Le compositeur est ressuscité dans une une mise en scène simple et pleine d’adresse. Elle est signée Sylvie Wilson et convie sur le plateau poésie, rêve et créativité. Avec un lustre, deux cadres de peinture de grands maîtres et un fauteuil de cuir, le tour est joué. Nous suivons avec curiosité toute une grammaire de théâtre d’ombres qui dévoile les passages secrets entre présent et passé. Mais en premier lieu, question de nous replonger dans la magie de l’enfance, ce sont les ombres chinoises faites main Philippe Beau qui nous invitent au voyage imaginaire.
Traquant les moindres frissons de son âme si bavarde, le compositeur attrape enfin une tache de soleil sur l’écran, et tout revit soudainement en dizaines d’éclats lumineux. Il danse et embrasse ses émotions, déroulant devant nos yeux tout l’invisible de sa vie passionnée. La grande salle est plongée dans un silence respectueux et parfait. Mais son alarme de la mort est si glaçante qu’elle prend à la gorge : où est le soleil ? où sont les fleurs ? C’est la fin, le froid et l’implacable solitude. On veut essuyer les pleurs de l’homme qui nous quitte. L’artiste qui interprète ce rôle prodigieux est Thierry Hellin. Textes de Sylvain Coher.

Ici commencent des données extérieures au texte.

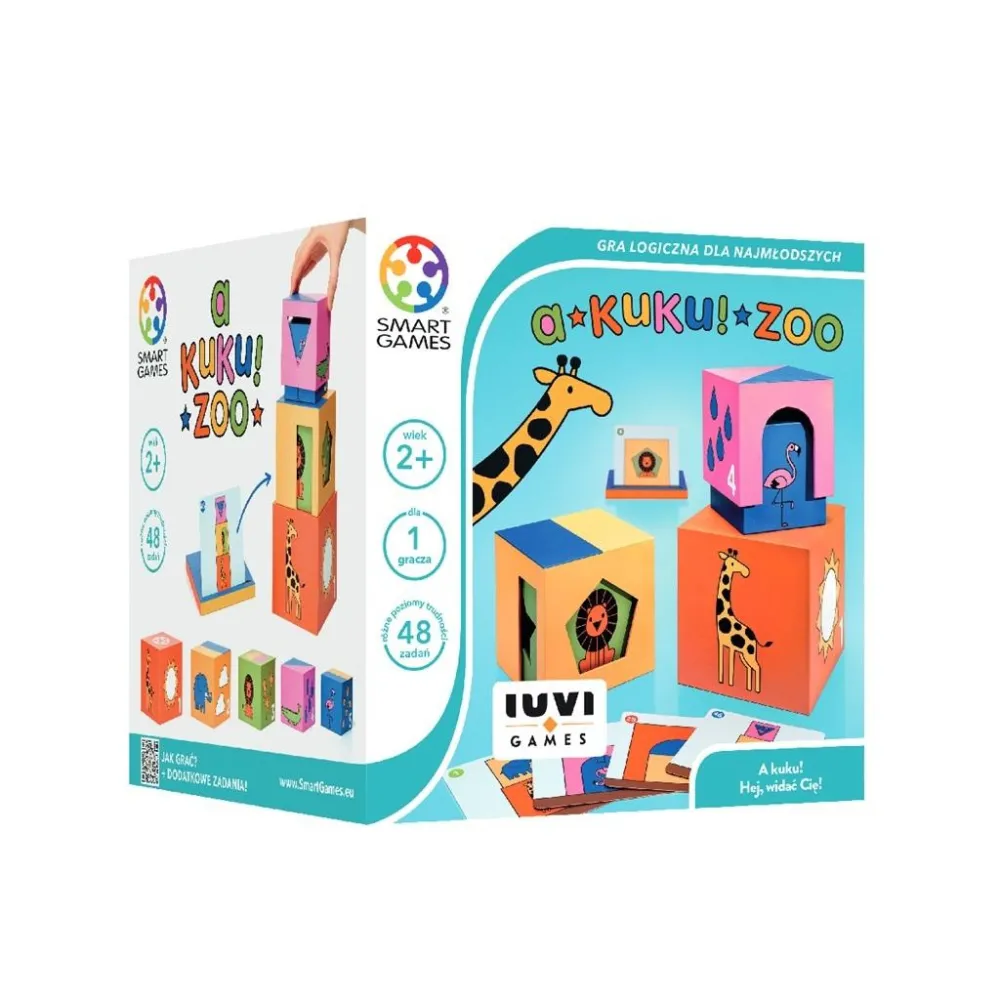 Gra edukacyjna Smart Games A kuku! Zoo z kartami i kartonowymi klockami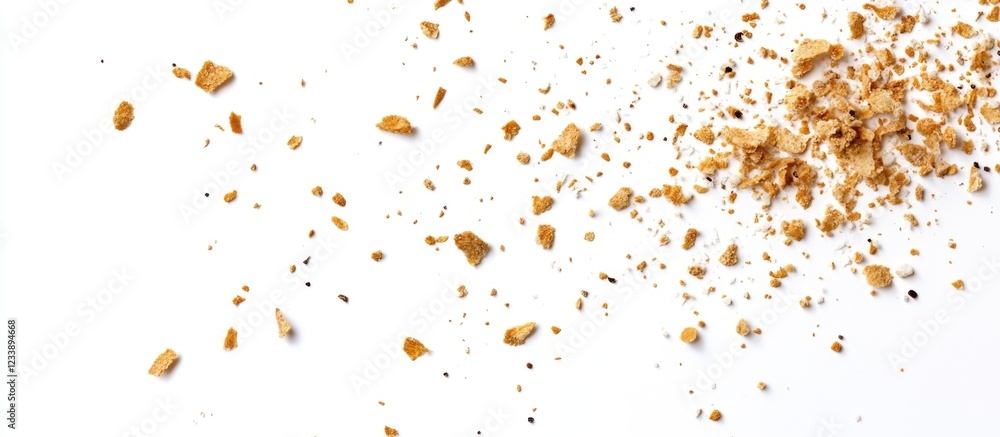 Poster brown crushed material scattered on a white background with ample space for text copy space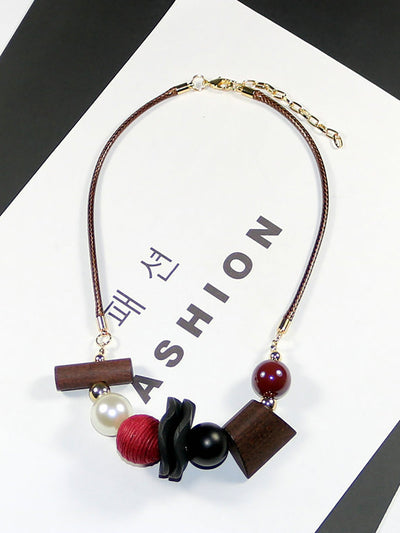 Women Fashion Wooden Copper Bead Necklace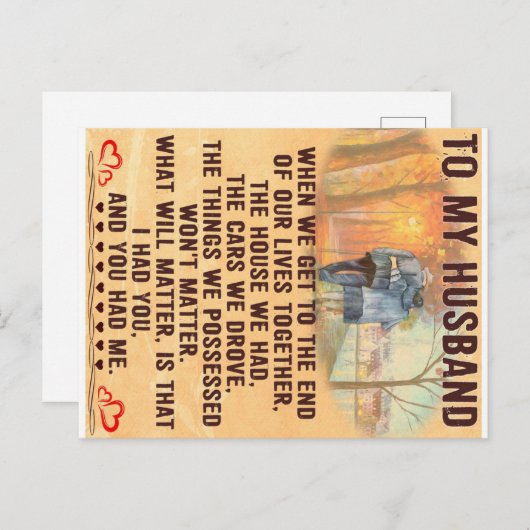 Carte Postale Faire-part Citations Drôle Cadeau Au Mari | Cadeau pour père (Devant / Derrière)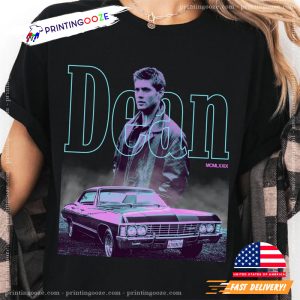 Dean Winchester Supernatural Neon Retro Shirt 1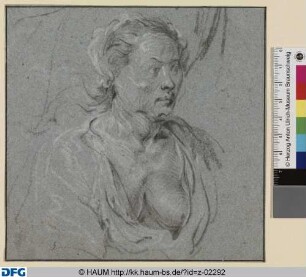 Halbfigur einer Frau mit nackter Brust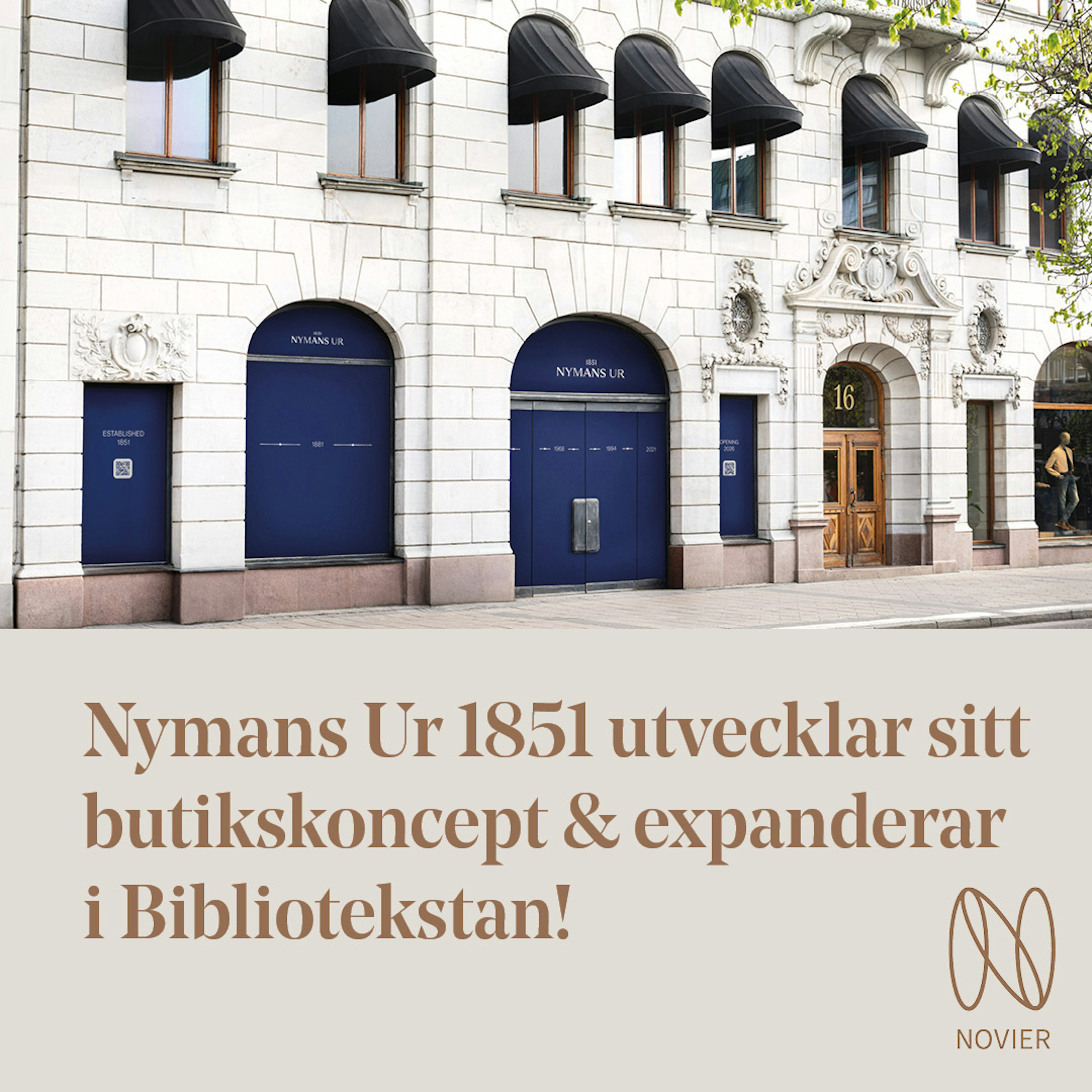 Pressmeddelanden: Nymans Ur 1851 utvecklar sitt butikskoncept och expanderar i Bibliotekstan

On a tous aussi bien sûr la magie de la musique avec dans l’oreille au moins l’un de ses nombreux « tubes » : le célèbre Carnaval des animaux, la Danse macabre, la Troisième symphonie avec orgue, ou la Bacchanale de Samson et Dalila, et c’est le magnifique ensemble Kheops qui peu à peu, traverse les miroirs du temps, se révèle à nos yeux et dialogue avec le compositeur. Une merveille. De même que les costumes (Caroline Sanvoisin), dignes de grands maîtres de la peinture qui habillent Marie Hallynck au violoncelle, Ayako Tanaka au violon , les deux partenaires du célèbre Muhiddin Dürüoglu, maitre des arrangements musicaux au piano.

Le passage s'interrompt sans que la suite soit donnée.